#### ENTRIES SHOWN ####
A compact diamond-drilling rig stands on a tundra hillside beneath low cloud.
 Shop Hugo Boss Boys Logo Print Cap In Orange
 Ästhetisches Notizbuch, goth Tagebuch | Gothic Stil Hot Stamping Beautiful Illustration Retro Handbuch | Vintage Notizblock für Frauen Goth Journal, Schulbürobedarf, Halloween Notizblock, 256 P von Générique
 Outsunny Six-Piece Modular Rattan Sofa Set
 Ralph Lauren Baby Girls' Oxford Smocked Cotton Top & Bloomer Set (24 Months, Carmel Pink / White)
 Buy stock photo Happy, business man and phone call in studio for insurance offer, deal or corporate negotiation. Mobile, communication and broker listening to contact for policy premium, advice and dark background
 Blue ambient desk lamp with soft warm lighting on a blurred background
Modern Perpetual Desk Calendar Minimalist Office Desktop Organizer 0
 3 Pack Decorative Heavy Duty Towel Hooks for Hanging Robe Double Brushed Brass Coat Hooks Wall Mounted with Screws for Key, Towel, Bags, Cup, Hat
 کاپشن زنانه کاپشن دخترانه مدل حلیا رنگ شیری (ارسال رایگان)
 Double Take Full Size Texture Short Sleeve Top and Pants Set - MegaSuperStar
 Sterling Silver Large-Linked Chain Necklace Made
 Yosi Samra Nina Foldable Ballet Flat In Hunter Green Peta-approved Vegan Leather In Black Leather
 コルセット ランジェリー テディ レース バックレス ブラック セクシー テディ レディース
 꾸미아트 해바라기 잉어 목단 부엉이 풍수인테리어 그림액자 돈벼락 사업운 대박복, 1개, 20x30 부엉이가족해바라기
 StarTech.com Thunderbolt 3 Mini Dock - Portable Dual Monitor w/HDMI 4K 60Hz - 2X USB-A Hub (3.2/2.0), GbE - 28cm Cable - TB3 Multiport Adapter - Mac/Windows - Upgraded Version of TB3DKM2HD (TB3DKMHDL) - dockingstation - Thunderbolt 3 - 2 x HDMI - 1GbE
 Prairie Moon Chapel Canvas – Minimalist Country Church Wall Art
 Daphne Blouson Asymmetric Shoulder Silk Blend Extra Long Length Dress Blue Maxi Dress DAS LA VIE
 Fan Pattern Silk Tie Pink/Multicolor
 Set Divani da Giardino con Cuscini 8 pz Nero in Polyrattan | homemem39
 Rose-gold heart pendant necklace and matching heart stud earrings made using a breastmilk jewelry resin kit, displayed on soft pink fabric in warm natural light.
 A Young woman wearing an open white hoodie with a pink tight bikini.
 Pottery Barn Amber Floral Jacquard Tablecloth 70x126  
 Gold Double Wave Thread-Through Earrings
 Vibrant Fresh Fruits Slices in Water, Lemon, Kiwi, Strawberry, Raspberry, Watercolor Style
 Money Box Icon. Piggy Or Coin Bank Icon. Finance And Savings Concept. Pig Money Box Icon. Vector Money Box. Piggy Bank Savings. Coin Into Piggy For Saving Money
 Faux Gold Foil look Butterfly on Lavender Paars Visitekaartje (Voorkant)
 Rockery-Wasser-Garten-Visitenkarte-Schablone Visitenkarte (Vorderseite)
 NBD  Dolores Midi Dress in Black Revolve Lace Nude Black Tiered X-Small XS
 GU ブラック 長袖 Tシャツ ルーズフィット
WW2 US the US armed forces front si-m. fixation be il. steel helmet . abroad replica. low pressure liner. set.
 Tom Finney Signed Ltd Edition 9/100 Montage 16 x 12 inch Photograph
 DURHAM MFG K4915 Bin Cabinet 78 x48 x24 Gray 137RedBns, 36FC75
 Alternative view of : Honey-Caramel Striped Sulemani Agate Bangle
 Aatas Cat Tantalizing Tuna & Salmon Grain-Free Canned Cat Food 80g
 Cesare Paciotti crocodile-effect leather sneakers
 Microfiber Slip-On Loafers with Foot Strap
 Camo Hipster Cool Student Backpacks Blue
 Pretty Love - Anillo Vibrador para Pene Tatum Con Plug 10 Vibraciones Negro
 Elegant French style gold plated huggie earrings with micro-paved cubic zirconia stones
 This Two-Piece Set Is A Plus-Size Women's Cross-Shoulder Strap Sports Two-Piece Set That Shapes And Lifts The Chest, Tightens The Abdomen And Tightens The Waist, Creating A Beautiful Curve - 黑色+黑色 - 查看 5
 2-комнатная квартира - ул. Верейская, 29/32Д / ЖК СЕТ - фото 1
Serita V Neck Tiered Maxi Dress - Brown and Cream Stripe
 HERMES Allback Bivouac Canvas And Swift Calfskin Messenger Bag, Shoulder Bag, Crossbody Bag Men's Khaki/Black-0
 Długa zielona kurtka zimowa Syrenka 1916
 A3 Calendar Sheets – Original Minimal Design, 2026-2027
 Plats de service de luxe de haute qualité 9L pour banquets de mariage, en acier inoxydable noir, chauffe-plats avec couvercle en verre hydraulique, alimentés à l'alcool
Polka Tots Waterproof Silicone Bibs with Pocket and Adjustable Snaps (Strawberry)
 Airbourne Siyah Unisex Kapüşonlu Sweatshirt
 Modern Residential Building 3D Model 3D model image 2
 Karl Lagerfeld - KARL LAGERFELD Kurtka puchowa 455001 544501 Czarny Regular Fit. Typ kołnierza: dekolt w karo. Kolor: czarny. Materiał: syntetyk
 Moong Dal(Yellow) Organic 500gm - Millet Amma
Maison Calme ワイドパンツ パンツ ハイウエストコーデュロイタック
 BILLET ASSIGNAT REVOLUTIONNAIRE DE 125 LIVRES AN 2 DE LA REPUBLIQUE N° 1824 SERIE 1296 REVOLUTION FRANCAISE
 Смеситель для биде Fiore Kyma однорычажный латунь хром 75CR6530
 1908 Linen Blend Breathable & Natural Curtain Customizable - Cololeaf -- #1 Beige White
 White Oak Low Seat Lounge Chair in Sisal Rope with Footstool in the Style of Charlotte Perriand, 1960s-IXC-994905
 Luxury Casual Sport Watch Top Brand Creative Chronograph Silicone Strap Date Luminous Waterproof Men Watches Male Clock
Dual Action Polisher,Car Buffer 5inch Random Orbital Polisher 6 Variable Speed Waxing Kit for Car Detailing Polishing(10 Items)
####
→ **TASK TO CARRY OUT**
Give again, word for word, the lines of the listing, starting at its first line and ending with the line containing "Shop Hugo Boss Boys Logo Print Cap In Orange".

→ **FINISHED TASK**
A compact diamond-drilling rig stands on a tundra hillside beneath low cloud.
 Shop Hugo Boss Boys Logo Print Cap In Orange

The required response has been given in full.